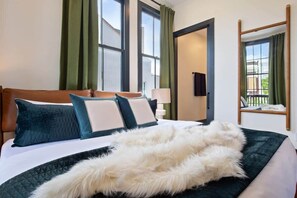 9 bedrooms, desk, iron/ironing board, travel crib - Roomy, Historic Restoration | Heated Pool (New Orleans)
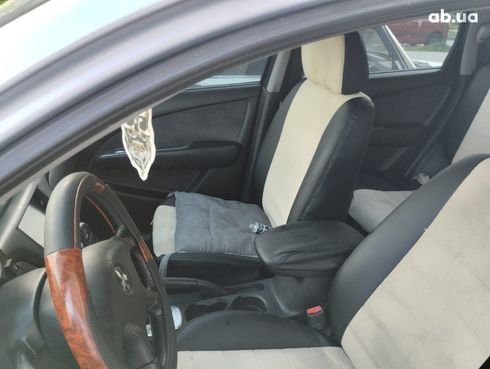 Mitsubishi Outlander 2005 серебристый - фото 5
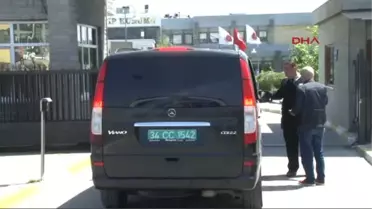 Kuveytli Işadamının Cenazesi Adli Tıp Kurumu'ndan Alındı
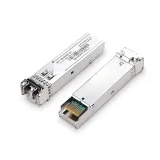 SURF-SFP 1.25G SFP Transceiver Module LC Duplex 1310nm Optical Fiber with DDMI RoHS Compli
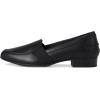 imageClarks Womens Juliet Beat LoaferBlack Leather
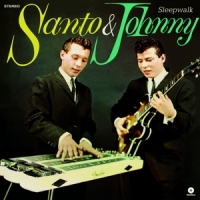 Santo & Johnny Sleepwalk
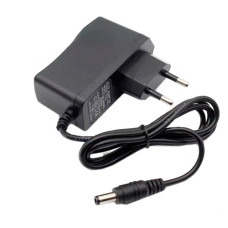Блок питания, сетевой адаптер 12В 1А 5.5x2.1мм 5.5x2.5мм CCTV Arduino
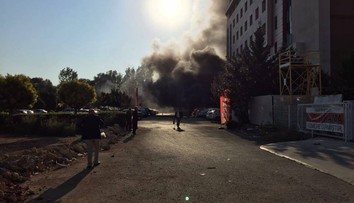 Tureckým letoviskom Antalya otriasol výbuch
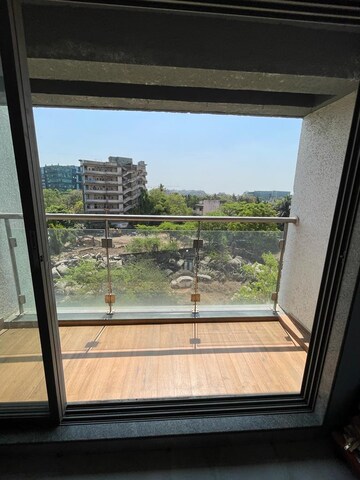 Balcony in 2 BHK Apartment at Aventa Palazzio, Sakinaka – for Sale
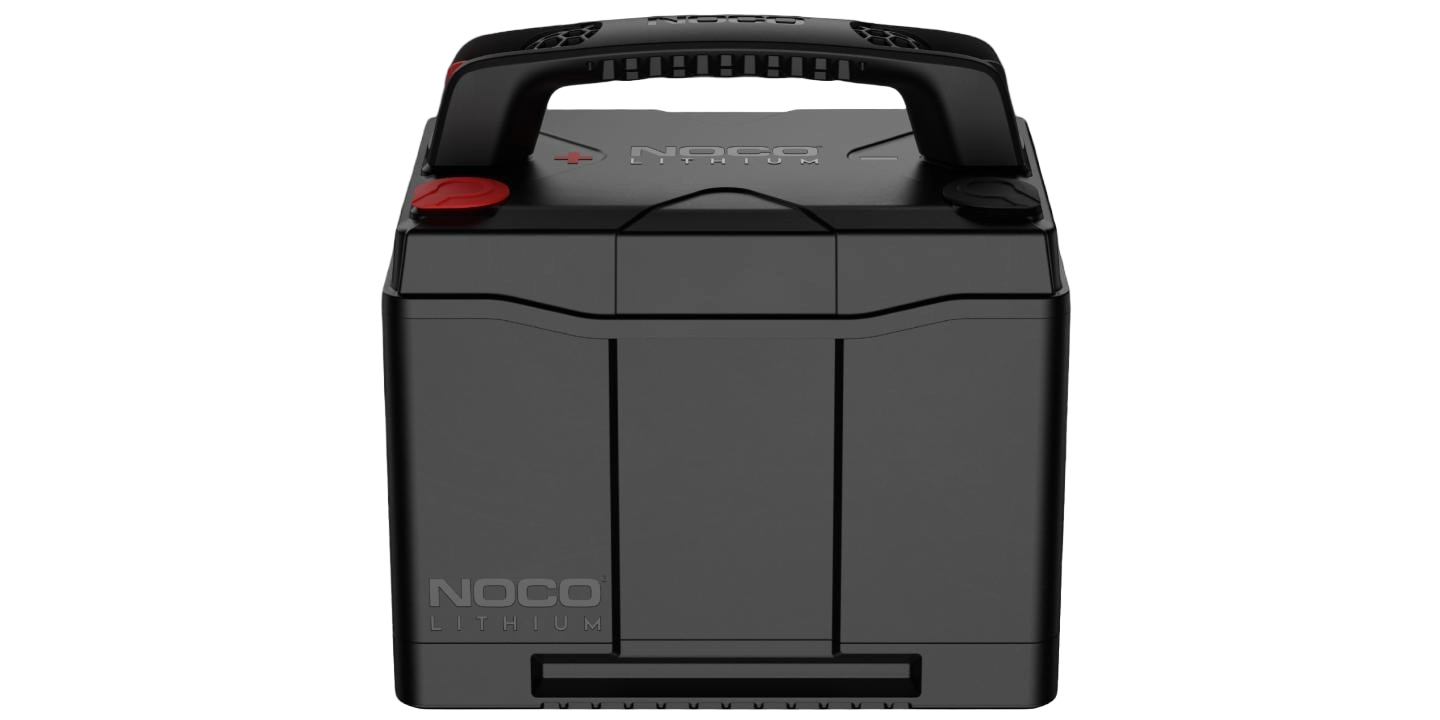 Noco Litium 24 Dual 12,8V 90Ah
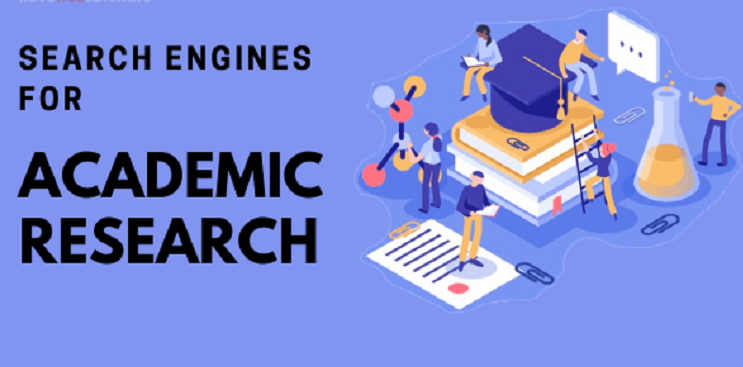search engine for research literature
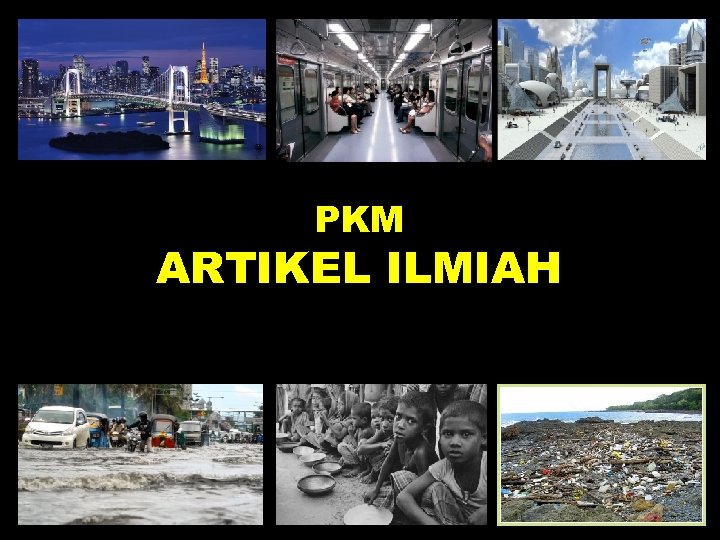PKM ARTIKEL ILMIAH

Work to be completed: Word for word, give again the lines from the line holding "imageClarks Womens Juliet" through the last line of the material, both included; pictures are not part of the copy.

Finished task:
 imageClarks Womens Juliet Beat LoaferBlack Leather
 Santo & Johnny Sleepwalk
Блок питания, сетевой адаптер 12В 1А 5.5x2.1мм 5.5x2.5мм CCTV Arduino
 Tureckým letoviskom Antalya otriasol výbuch
 Balcony in 2 BHK Apartment at Aventa Palazzio, Sakinaka – for Sale
 Noco Litium 24 Dual 12,8V 90Ah
search engine for research literature
PKM ARTIKEL ILMIAH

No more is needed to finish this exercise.